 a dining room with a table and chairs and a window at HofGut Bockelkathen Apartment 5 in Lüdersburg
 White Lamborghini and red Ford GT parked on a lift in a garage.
___
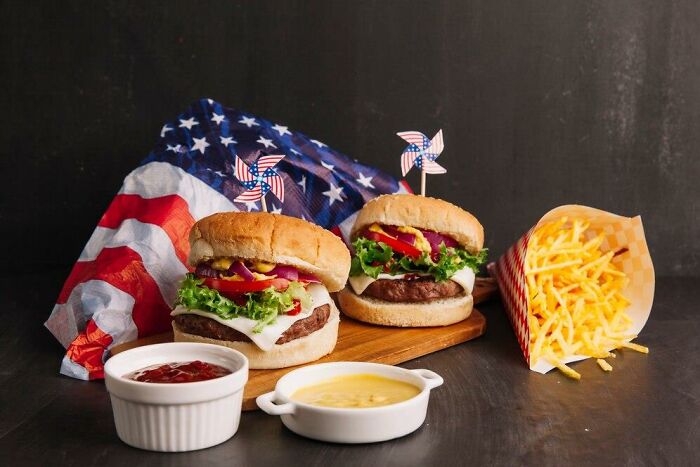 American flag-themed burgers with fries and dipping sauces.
___
• WHAT THE TASK REQUIRES: From the records above, extract exactly and only the lines that begin at the line with "a dining room" and stop after the line with "White Lamborghini and".

• OUTPUT:
 a dining room with a table and chairs and a window at HofGut Bockelkathen Apartment 5 in Lüdersburg
 White Lamborghini and red Ford GT parked on a lift in a garage.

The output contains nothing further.